_What to work on_. Give back the lines of the records exactly, starting at the first and ending at the one with "CONJUNTO FOLHEADO CANUTILHOS".
*** Material for the task Section Begins ***
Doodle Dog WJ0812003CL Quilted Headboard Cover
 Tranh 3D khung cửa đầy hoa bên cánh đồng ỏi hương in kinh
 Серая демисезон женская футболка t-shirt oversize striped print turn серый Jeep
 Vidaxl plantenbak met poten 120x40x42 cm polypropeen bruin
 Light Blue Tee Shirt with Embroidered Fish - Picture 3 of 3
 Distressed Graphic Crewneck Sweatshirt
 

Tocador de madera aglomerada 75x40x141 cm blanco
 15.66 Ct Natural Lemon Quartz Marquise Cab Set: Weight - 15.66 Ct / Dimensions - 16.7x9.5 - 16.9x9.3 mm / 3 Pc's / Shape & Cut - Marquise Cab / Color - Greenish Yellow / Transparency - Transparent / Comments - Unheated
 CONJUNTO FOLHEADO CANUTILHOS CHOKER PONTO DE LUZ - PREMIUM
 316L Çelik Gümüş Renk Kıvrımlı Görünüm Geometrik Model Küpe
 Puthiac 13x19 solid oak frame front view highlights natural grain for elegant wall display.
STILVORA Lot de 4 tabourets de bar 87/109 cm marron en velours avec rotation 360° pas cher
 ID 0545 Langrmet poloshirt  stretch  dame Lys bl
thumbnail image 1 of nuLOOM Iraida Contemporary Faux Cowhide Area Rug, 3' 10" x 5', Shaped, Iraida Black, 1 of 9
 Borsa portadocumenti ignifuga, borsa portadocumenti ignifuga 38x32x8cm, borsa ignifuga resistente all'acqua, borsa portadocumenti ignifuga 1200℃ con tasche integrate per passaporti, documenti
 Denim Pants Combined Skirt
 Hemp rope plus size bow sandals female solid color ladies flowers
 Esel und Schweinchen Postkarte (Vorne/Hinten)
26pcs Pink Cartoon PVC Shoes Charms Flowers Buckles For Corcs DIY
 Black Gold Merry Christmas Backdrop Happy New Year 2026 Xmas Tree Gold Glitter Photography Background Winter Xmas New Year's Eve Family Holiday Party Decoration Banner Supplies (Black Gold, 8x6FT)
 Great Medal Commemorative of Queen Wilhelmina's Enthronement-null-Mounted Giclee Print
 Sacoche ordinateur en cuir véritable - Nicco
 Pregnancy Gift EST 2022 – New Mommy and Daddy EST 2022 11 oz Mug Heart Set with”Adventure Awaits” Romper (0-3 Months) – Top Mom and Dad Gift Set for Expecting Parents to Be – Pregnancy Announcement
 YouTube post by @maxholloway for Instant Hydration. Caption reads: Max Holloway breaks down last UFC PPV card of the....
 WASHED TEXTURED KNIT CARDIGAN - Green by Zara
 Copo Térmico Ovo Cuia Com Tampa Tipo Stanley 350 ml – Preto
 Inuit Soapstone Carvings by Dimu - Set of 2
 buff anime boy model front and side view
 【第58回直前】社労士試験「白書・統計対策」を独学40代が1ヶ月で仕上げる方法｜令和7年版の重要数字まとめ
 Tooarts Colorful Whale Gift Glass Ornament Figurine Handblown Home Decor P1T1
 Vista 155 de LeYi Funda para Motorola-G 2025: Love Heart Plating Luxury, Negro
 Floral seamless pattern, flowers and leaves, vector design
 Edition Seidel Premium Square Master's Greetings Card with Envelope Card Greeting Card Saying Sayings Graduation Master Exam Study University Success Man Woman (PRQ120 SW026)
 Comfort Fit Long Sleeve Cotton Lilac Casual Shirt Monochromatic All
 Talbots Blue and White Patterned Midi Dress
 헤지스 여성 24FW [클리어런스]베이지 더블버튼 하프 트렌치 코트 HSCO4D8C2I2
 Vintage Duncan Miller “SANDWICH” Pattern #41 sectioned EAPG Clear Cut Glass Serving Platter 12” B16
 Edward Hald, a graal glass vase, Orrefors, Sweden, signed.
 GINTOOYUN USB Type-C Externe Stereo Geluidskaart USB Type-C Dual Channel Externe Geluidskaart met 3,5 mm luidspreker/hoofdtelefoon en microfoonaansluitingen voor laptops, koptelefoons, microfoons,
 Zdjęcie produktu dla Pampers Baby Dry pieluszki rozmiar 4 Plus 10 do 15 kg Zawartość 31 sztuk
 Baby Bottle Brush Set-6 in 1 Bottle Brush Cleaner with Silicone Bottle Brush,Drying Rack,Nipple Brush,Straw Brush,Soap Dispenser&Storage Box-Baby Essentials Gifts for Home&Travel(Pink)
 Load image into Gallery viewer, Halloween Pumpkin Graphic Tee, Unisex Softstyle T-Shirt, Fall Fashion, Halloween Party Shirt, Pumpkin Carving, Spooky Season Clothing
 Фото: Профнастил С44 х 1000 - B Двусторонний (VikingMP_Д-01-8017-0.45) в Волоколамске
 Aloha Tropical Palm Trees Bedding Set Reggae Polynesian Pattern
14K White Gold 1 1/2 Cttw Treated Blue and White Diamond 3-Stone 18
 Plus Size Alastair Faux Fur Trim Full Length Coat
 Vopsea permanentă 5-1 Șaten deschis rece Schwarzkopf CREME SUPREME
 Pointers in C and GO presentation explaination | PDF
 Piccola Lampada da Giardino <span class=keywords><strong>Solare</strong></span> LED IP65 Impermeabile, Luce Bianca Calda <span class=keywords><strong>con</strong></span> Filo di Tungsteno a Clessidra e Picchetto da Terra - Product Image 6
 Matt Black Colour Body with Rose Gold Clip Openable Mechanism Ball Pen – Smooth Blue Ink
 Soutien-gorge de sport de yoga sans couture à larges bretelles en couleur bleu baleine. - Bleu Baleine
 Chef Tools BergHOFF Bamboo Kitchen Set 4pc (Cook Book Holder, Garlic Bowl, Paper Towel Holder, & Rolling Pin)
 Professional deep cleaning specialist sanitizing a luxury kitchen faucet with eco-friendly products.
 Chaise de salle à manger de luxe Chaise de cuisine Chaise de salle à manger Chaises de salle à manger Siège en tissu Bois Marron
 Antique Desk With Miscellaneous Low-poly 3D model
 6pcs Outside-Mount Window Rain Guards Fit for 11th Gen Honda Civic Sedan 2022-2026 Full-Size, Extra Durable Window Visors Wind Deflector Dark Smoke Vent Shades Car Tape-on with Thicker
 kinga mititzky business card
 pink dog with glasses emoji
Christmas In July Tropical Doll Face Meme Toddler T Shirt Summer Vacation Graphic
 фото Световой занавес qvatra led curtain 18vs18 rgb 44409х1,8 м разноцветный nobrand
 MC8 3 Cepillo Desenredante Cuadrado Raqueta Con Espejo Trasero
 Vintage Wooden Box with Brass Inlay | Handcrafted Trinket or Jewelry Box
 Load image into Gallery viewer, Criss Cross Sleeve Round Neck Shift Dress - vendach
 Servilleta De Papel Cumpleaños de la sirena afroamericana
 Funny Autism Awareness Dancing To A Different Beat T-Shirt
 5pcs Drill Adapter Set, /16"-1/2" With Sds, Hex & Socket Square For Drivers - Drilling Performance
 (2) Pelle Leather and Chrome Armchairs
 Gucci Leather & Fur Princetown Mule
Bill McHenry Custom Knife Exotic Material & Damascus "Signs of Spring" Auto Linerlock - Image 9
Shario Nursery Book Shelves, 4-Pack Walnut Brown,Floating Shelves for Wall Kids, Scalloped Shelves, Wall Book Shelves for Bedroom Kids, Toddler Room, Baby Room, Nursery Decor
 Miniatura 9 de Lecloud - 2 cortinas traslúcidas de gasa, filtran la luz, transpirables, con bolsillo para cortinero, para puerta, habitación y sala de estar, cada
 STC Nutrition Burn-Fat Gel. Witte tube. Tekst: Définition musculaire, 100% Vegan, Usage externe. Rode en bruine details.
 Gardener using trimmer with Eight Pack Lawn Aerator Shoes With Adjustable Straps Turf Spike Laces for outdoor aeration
*** Material for the task Section Ends ***
_Result_.
Doodle Dog WJ0812003CL Quilted Headboard Cover
 Tranh 3D khung cửa đầy hoa bên cánh đồng ỏi hương in kinh
 Серая демисезон женская футболка t-shirt oversize striped print turn серый Jeep
 Vidaxl plantenbak met poten 120x40x42 cm polypropeen bruin
 Light Blue Tee Shirt with Embroidered Fish - Picture 3 of 3
 Distressed Graphic Crewneck Sweatshirt
 

Tocador de madera aglomerada 75x40x141 cm blanco
 15.66 Ct Natural Lemon Quartz Marquise Cab Set: Weight - 15.66 Ct / Dimensions - 16.7x9.5 - 16.9x9.3 mm / 3 Pc's / Shape & Cut - Marquise Cab / Color - Greenish Yellow / Transparency - Transparent / Comments - Unheated
 CONJUNTO FOLHEADO CANUTILHOS CHOKER PONTO DE LUZ - PREMIUM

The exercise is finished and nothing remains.